The End of Idealism

Communism was deemed by its adherents to be eternal. Few could contemplate its decay and a final crumbling into the dust of ages. Its meaning was its existence. Most who lived under Communism accepted their lot, avoided trouble and got on with living their lives as best they could. Few possessed the courage and foresight to confront and challenge the complacency. While the Communist functionary, Boris Yeltsin, explained the latest ideological conundrum, many others suffered persecution, social isolation, imprisonment and exile for their beliefs.

During this time, some Jews discovered that the path to the truth lay in reclaiming their Jewishness. They became ardent Zionists and participated in the leadership of the movement advocating emigration to Israel.
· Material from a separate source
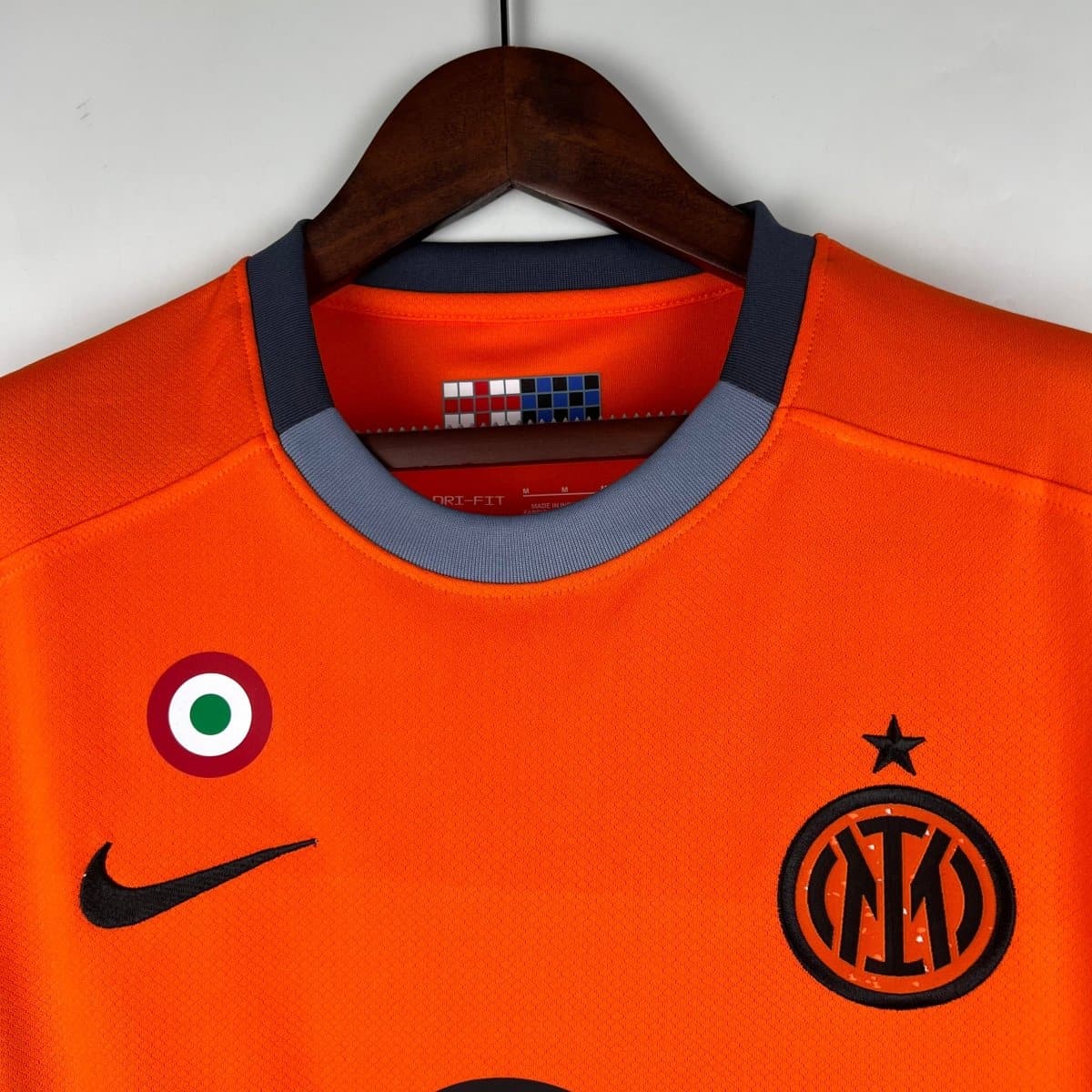 2023/24 Inter Milan Away Retro | Footballshirt.online - Footballshirt.online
The effect of the Six Day War on Soviet Jews coincided with the renewed oppression of dissidents under Brezhnev and Kosygin. This confluence of events brought forth the Jewish emigration movement. In addition, such a faith in a Promised Land—and not always a geographical location—propagated a principled obstinacy which persisted in demonstrating throughout the 1970s and 80s that the Communist Emperors wore no clothes. And many Jews who chose to remain in the USSR played an important role in preparing the ground for glasnost and perestroika. By August 1991, that kind of spirit enabled large numbers of brave souls to confront tanks, armed solely by the depth of their convictions. Indeed, many Jews rallied to the call to defend the White House against the Soviet junta. The Yeltsin camp made extensive use of the Jewish communications network to transmit information and instructions to their followers. The tragic death of the young Jewish architect, Ilya Krichevsky, at the hands of the putschists, symbolically reflected the disproportionate participation of many ordinary Jews in this drama. Whilst it is often said that the Jews created Communism—and not always by friends—today it is also true to say that they have helped to destroy it.
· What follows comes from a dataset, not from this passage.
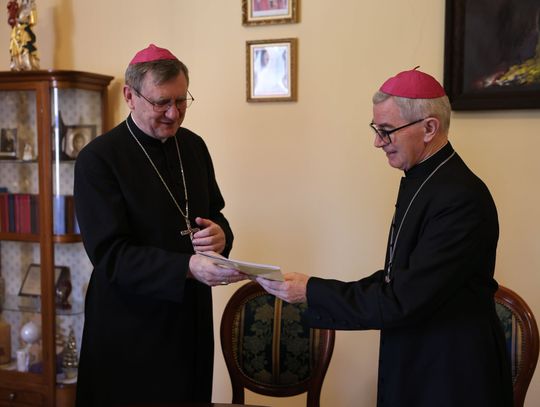 Bp Krzysztof Chudzio kanonicznie objął urząd biskupa koadiutora diecezji rzeszowskiej [FOTORELACJA]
Yet there are many Jews in this country and abroad who have devoted their life’s energies to issues of social justice and who undoubtedly feel an inner dismay at the fading of the Soviet Union. While there are certainly no tears for the party hacks and careerists, there is an undisguised regret that the idealism inspired by the Age of Ideology is now at an end. The dreams and hopes of a generation have been replaced by primitive nationalist passions and religious fundamentalism.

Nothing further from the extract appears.